***** Exercise data *****

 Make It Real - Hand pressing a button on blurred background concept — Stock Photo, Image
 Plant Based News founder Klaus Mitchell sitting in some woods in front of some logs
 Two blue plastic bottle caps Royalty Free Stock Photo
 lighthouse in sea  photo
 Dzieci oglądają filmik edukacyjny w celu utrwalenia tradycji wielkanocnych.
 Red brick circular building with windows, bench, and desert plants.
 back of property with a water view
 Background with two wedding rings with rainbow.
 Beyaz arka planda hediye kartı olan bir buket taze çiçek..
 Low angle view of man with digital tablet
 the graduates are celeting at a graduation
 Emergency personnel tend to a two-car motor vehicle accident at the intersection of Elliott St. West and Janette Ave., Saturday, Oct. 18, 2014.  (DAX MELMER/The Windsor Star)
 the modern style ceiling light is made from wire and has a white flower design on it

*****

> _Problem description_
Return the entries above unchanged, starting at the first line and stopping after the line with "back of property with a water view".

> _Reply_
 Make It Real - Hand pressing a button on blurred background concept — Stock Photo, Image
 Plant Based News founder Klaus Mitchell sitting in some woods in front of some logs
 Two blue plastic bottle caps Royalty Free Stock Photo
 lighthouse in sea  photo
 Dzieci oglądają filmik edukacyjny w celu utrwalenia tradycji wielkanocnych.
 Red brick circular building with windows, bench, and desert plants.
 back of property with a water view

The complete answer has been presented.